Spending more time at home during a cold winter, I have burnt more fuel then ever. Logs, coal, pallet-wood, sawn branches, twigs, cardboard egg cartons: all have kept me warm. The other week, I decided to burn also the contents of the vacuum cleaner. I carefully emptied it into a paper bag, and set it upon the glowing coals. It burned wonderfully, all that grey dust and muck: whoosh. It was quite satisfying seeing the filth being destroyed. It gave some good heat, too.

Recently, I have been contemplating hell. Someone had shared with me an online video on which some silver-tongued charlatan cooed about hell being a place of improvement, wherein God merely refines people for heaven. Great, everyone is saved in the end; it’s just heaven, or heaven via some time in purgatory. How comforting.

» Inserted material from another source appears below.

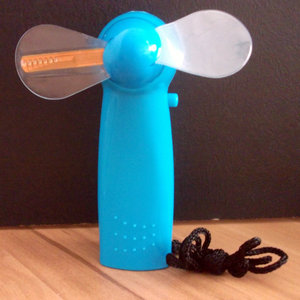 Nuevo ventilador eléctrico de mano con pantalla Led programable, mini VENTILADOR DE Flash ventilador de mensaje personalizado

Our beliefs and doctrines should be based upon the plain reading of God’s word rather than our desires or imperfect sense of justice. Unatoned sin is a fecal stain, a gigantic paper bag full of filth and scum. Whereas mine was combusted in minutes, real sin requires an eternity’s conflagration. To suggest that it can be ignored or swept away, speedily forgotten by a finger’s click or an eye's wink, is to grossly underestimate its true horror. Our sin was so noxious that the Father abandoned the Sin Bearer to brutal crucifixion and estrangement. Disbelieving hell is an attractive avenue to travel, but it leads only to a terrible underestimation of sin’s terrifying gravity. And for the Christian, the magnitude of our guilt underscores the awesome magnificence of our salvation and God’s overwhelming grace which wrought it, bought it and brought it.

John 3:36 He that believeth on the Son hath everlasting life; and he that believeth not the Son shall not see life, but the wrath of God abideth on him.